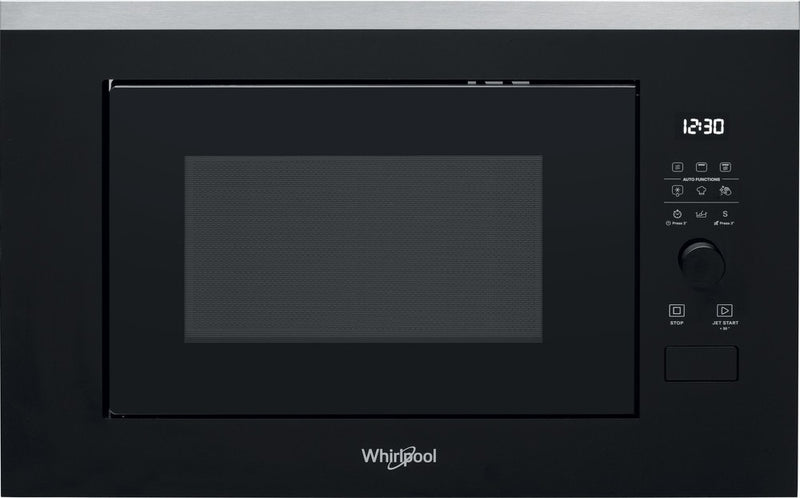 Whirlpool, WMF250G Built-in Microwave Oven, Black / Stainless Steel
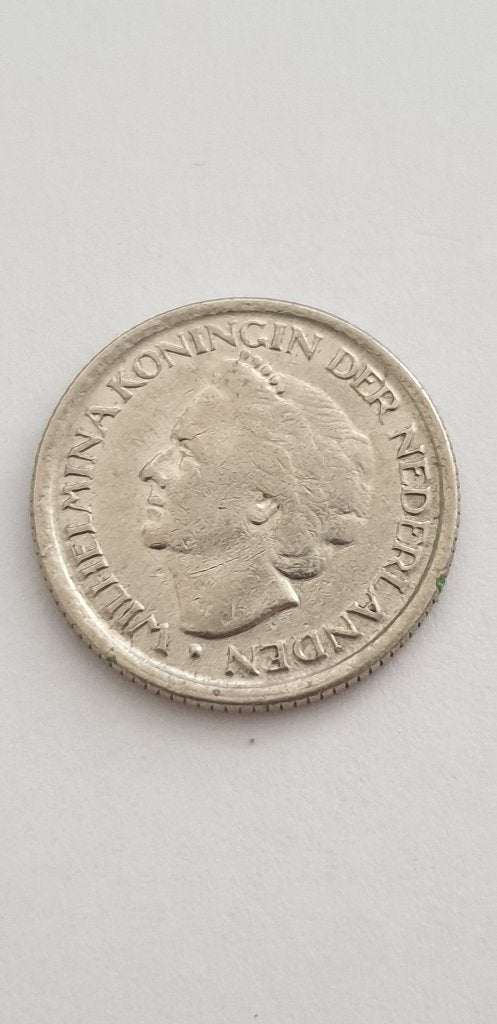 3108 wilhelmina kwartje 1948, Postzegels en Munten, Verzenden, Koningin Wilhelmina, 25 cent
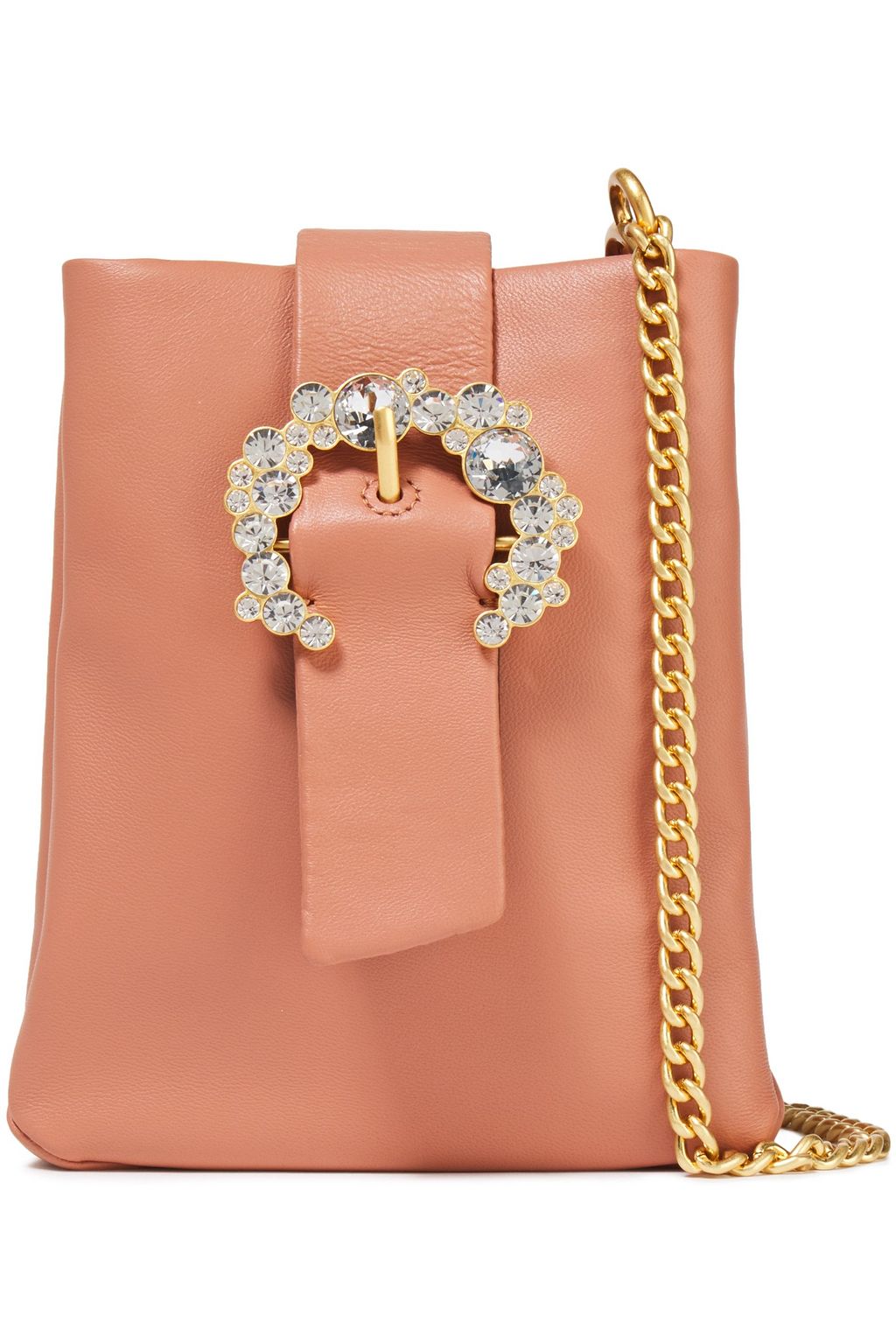 tory burch embellished leather shoulder bag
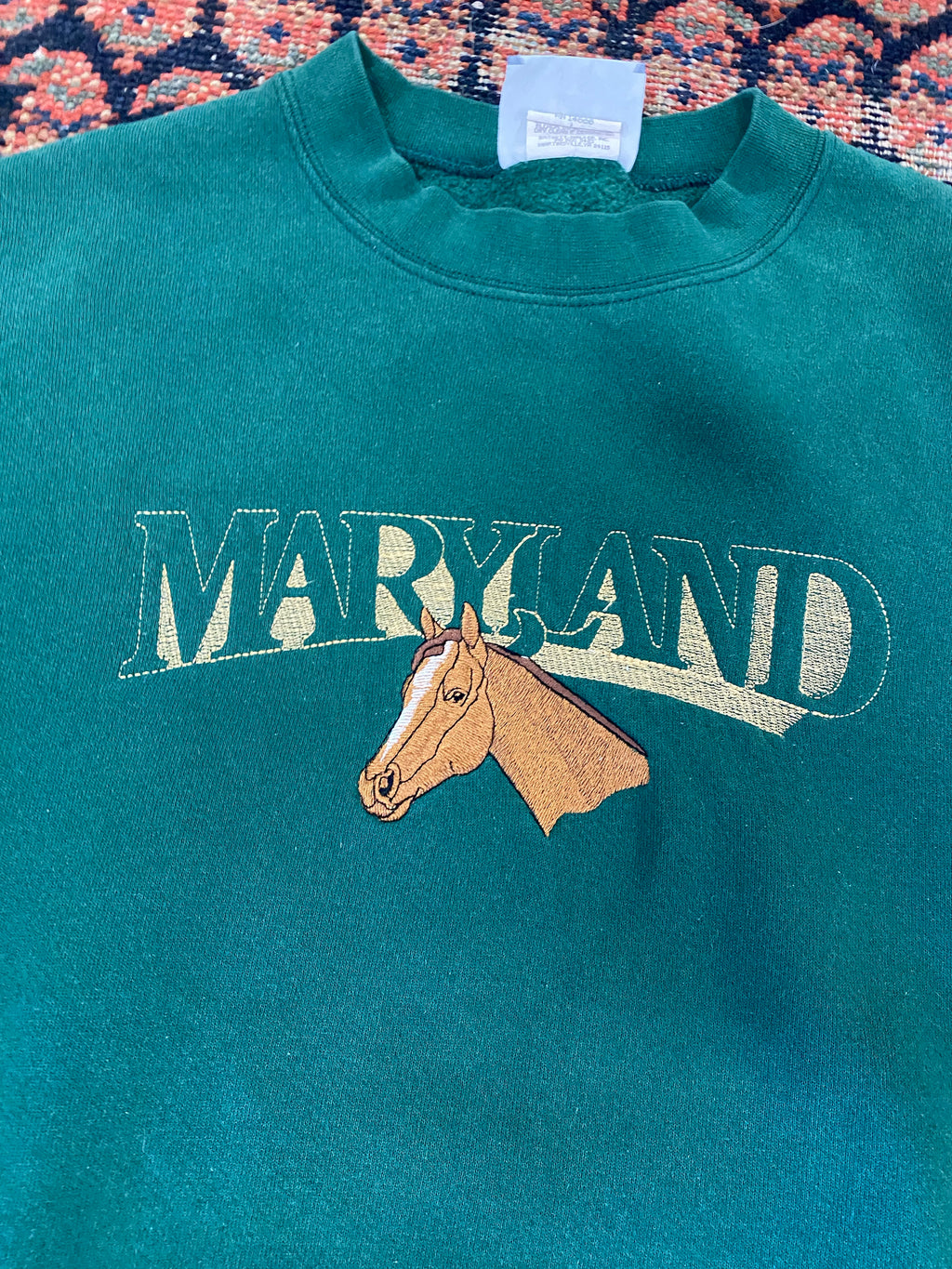 Vintage Embroidered Maryland Crewneck - M/L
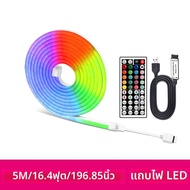 RGB ไฟ LED นีออน 44 ปุ่มรีโมทไฟนีออนแบบยืดหยุ่น 5V RGB เชือกไฟ Gaming Led Neon Light Strip สําหรับห้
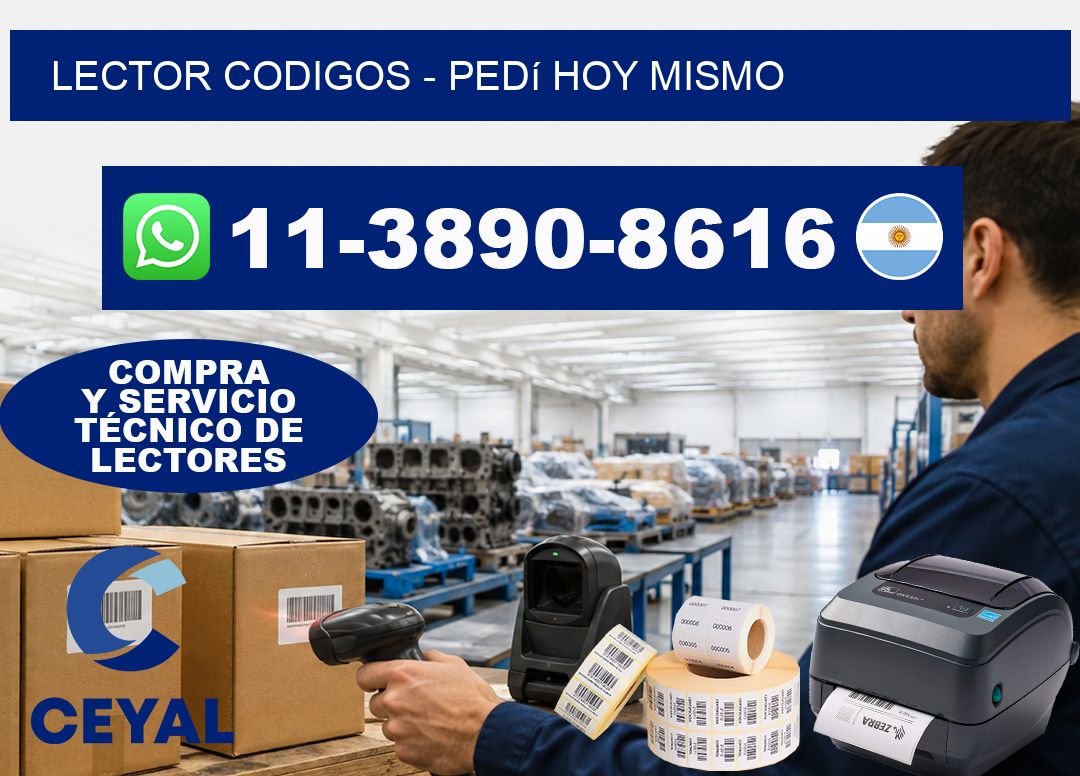 LECTOR CODIGOS - Pedí hoy mismo
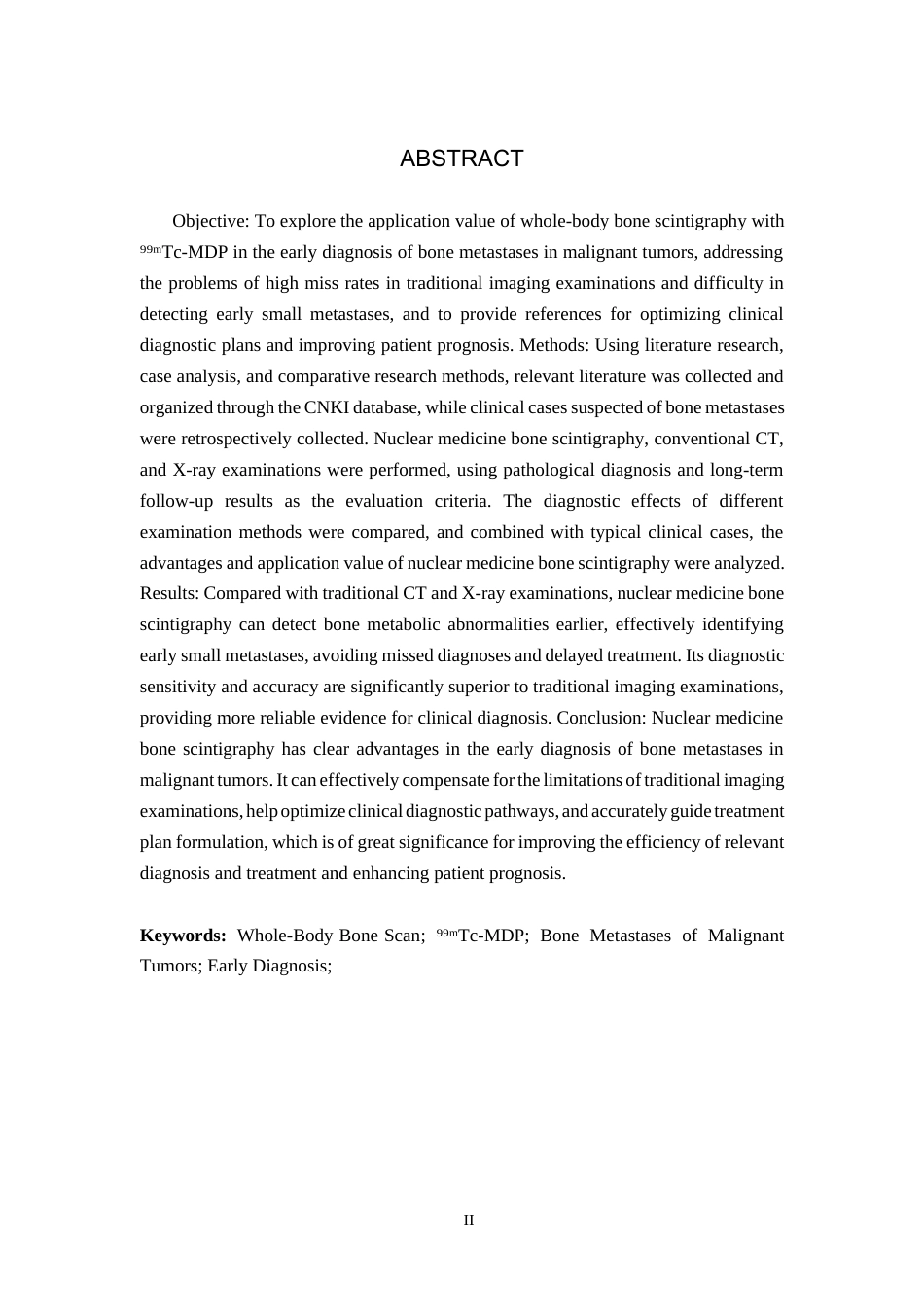 26年WH医学影像技术 核医学骨显像在肿瘤骨转移早期诊断中的应用5.17-AI(9089字).docx_第2页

» EXERCISE BRIEF: Repeat the material verbatim. Do not carry over any picture.

» RESULT:
 Whirlpool, WMF250G Built-in Microwave Oven, Black / Stainless Steel
 3108 wilhelmina kwartje 1948, Postzegels en Munten, Verzenden, Koningin Wilhelmina, 25 cent
 tory burch embellished leather shoulder bag
 Vintage Embroidered Maryland Crewneck - M/L
 RGB ไฟ LED นีออน 44 ปุ่มรีโมทไฟนีออนแบบยืดหยุ่น 5V RGB เชือกไฟ Gaming Led Neon Light Strip สําหรับห้
 LECTOR CODIGOS - Pedí hoy mismo
 26年WH医学影像技术 核医学骨显像在肿瘤骨转移早期诊断中的应用5.17-AI(9089字).docx_第2页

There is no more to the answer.